Exactly as they appear below, repeat the lines from the one with "1xGU10/10W/230V biela/zlatá 314260" through the one with "Frederiksborg Mie Bøgelund billede 16", and no others.

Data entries
──────────

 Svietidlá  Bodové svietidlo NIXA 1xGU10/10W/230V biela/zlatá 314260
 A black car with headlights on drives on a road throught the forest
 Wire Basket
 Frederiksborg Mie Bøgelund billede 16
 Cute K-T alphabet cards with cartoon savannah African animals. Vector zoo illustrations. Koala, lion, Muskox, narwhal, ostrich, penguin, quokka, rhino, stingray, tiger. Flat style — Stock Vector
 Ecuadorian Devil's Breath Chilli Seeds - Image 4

──────────

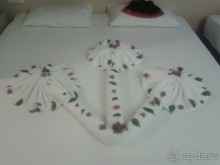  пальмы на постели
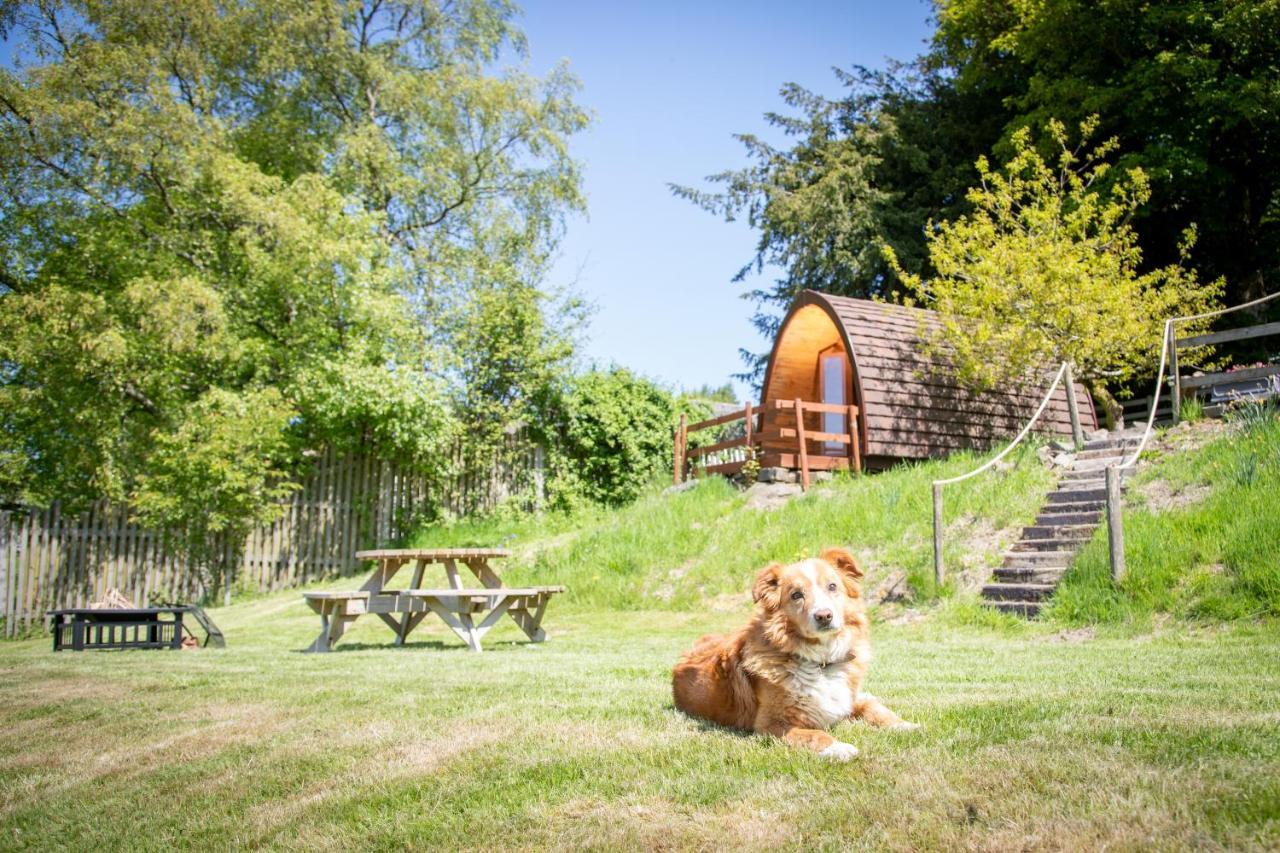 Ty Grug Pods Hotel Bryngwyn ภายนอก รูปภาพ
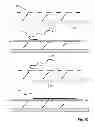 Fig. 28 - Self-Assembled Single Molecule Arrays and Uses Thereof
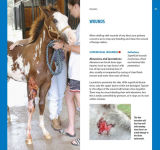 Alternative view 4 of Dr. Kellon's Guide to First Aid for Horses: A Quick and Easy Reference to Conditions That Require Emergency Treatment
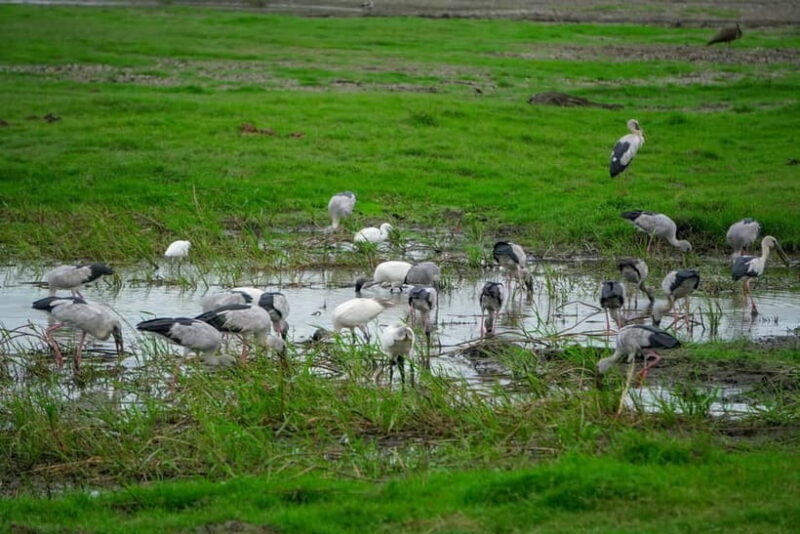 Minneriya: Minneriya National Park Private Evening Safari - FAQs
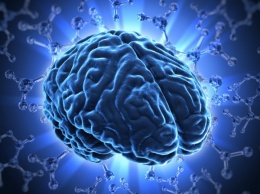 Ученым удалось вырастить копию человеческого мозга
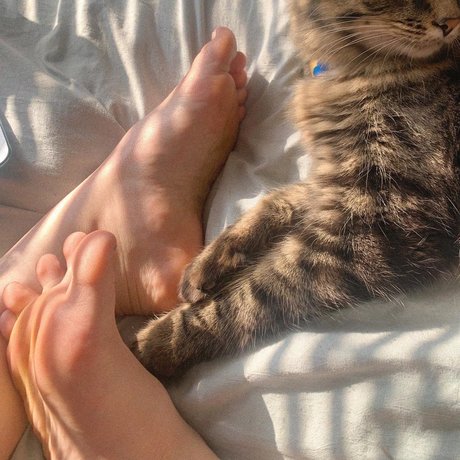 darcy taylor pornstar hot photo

──────────

Reply ▸
 Svietidlá  Bodové svietidlo NIXA 1xGU10/10W/230V biela/zlatá 314260
 A black car with headlights on drives on a road throught the forest
 Wire Basket
 Frederiksborg Mie Bøgelund billede 16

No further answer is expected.